WHAT IS EXPECTED: Go to the line holding "Very Rare &" in the data below and repeat it exactly, then each line after it up to and including the one holding "Aopusi Straight Hair". Omit pictures.

INFORMATION GIVEN:
....
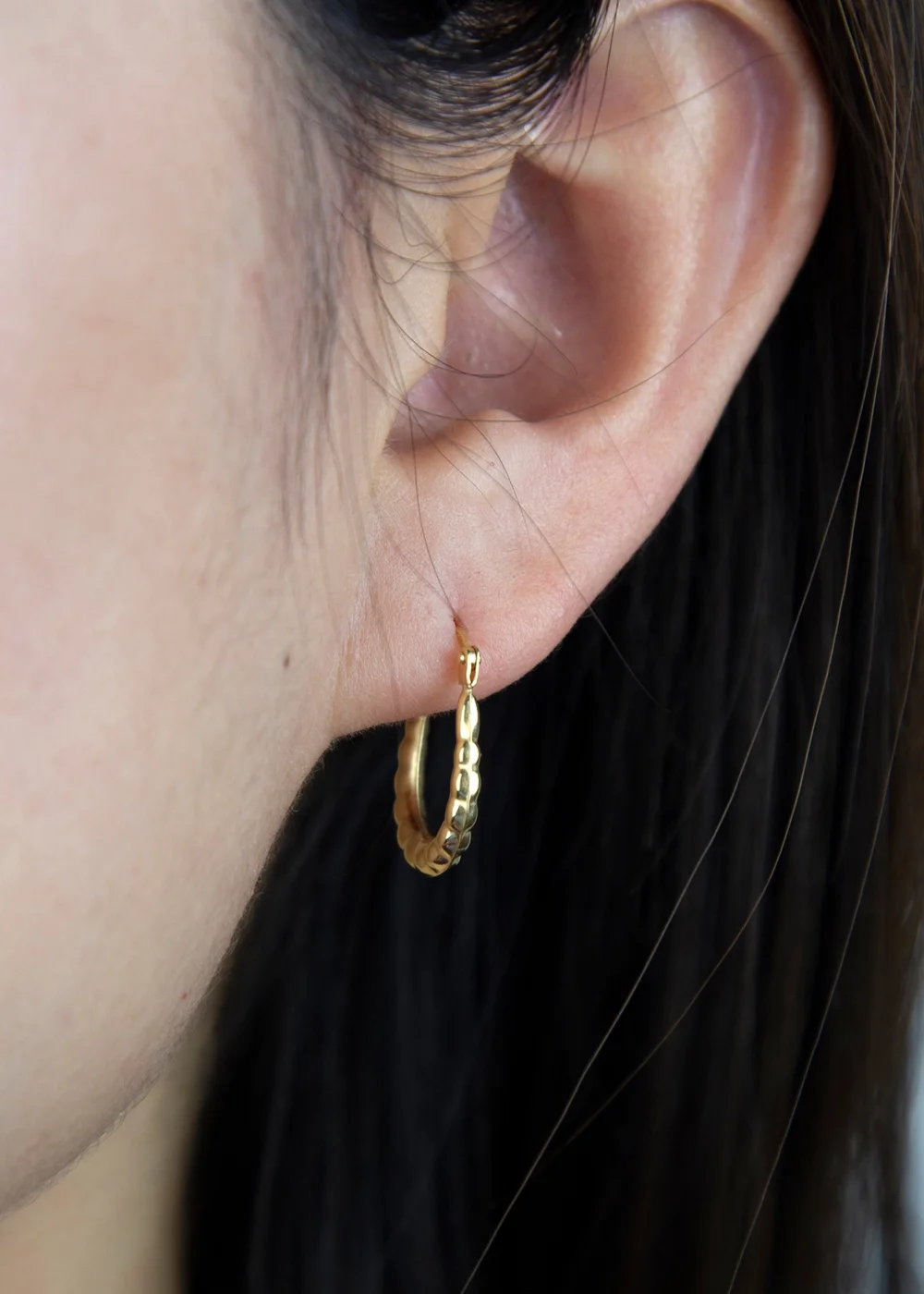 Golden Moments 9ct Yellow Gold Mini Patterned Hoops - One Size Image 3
....
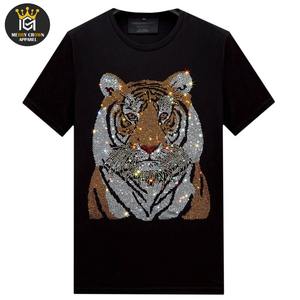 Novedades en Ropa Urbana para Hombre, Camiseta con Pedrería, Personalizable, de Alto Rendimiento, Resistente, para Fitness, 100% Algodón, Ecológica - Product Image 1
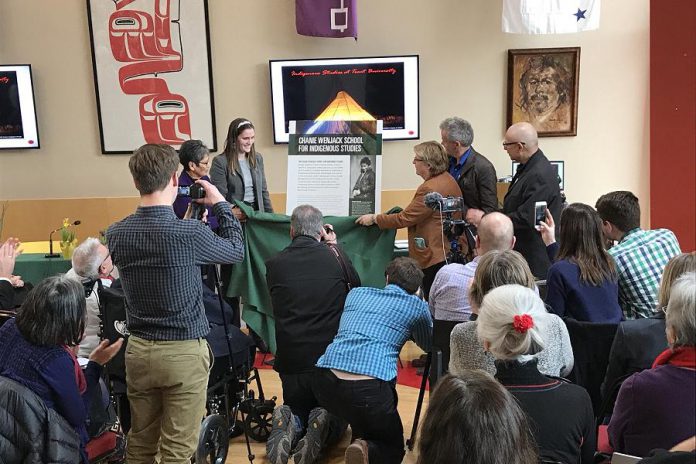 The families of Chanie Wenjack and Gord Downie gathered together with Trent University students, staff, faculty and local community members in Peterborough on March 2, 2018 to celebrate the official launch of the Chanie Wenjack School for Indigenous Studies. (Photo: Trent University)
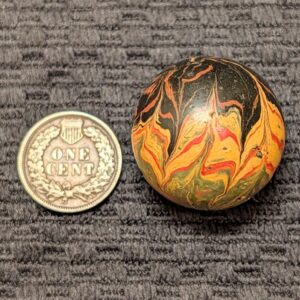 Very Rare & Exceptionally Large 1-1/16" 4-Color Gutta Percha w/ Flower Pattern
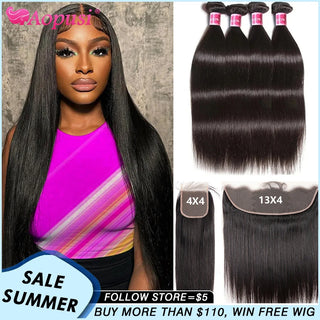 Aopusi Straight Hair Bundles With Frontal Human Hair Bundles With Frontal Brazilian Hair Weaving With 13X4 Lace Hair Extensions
....
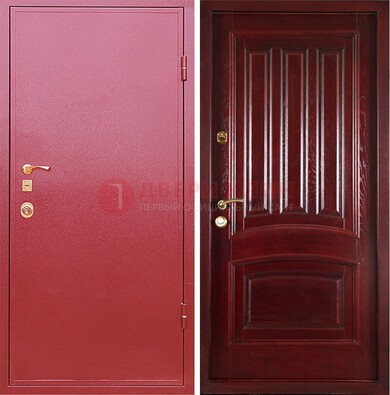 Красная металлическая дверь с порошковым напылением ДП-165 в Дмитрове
....
EXERCISE RESPONSE:
 Very Rare & Exceptionally Large 1-1/16" 4-Color Gutta Percha w/ Flower Pattern
 Aopusi Straight Hair Bundles With Frontal Human Hair Bundles With Frontal Brazilian Hair Weaving With 13X4 Lace Hair Extensions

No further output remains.